Amigos comuns vieram dizer-me que, quando a noite cai, tu sais de casa e vais, rente ao Tejo, percorrer os caminhos que, durante tanto tempo, foram os nossos.
Dizem que estás velho, magro, curvado e que te vêm a carregar sacos, livros, pequenas peças que terão sido minhas. Dizem que caminhas lentamente ao longo das paredes gastas das quais, à noitinha, saem vultos esguios e sombrios, dizem que os cães ladram à tua passagem e que tu segues, silenciosamente, nem dás por eles, nem dás pelos amigos com quem te cruzas.
Dizem que, quando a noite cai, e apenas as luzes dos navios que cruzam o rio ou a luar em noites de lua cheia ilumina esta rua desolada, tu passas como um fantasma, e, dizem, parece que, por vezes, te ouvem a cantar.
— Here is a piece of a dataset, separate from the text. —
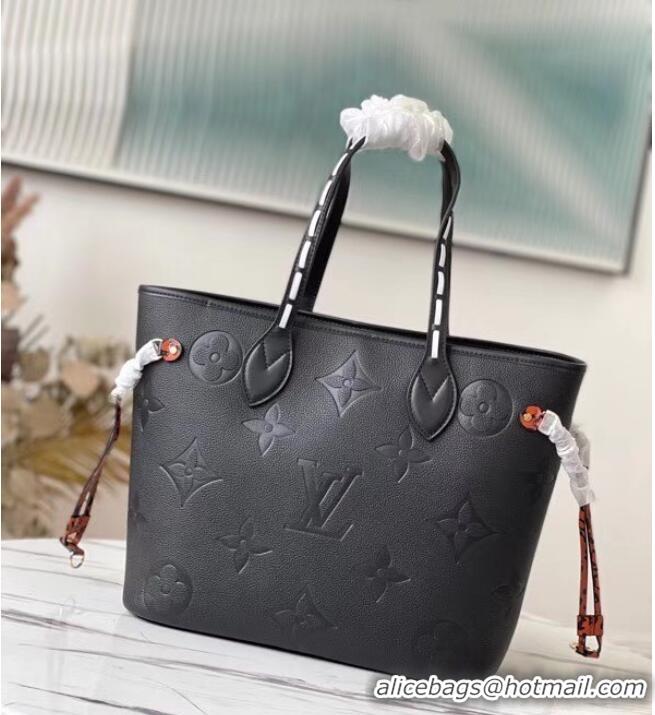 Good Price Louis Vuitton Monogram Empreinte NEVERFULL MM M45856 black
Amigos comuns contam-me, com tristeza, que nem pareces tu, que quase não falas, quase não sais, quase não te arranjas. Dizem que por vezes te abeiras do rio e ali ficas olhando o rio negro quase como se tentasses ver a tua imagem nas águas espelhadas. Dizem que, por vezes, te sentas, livros e sacos e demais recordações aos teus pés, acendes um cigarro e ali ficas, distante, vendo o fumo elevar-se no ar. Dizem que, no fim, apagas o cigarro nas mãos, como se fosse natural, como se nem sentisses dor.
Dizem-me isso e eu não reconheço nesse homem o homem que tu foste.
Dizem que, se te quiser ver, é ir ali ao cair da tarde, quando os gatos recolhem às ruínas mágicas, quando os pescadores abandonam os cais, quando o rio bate nas muralhas e esse é o único som que se ouve, que, nessa altura, tu passas por ali e já não se sabe se vais vivo, se vais morto. E dizem que, por vezes, se alguma gaivota, por acaso, por ali passa, te ouvem a gritar o meu nome.
Mas eu peço que não me contem, não quero ouvir, prefiro nem saber. Nem quero pensar nisso.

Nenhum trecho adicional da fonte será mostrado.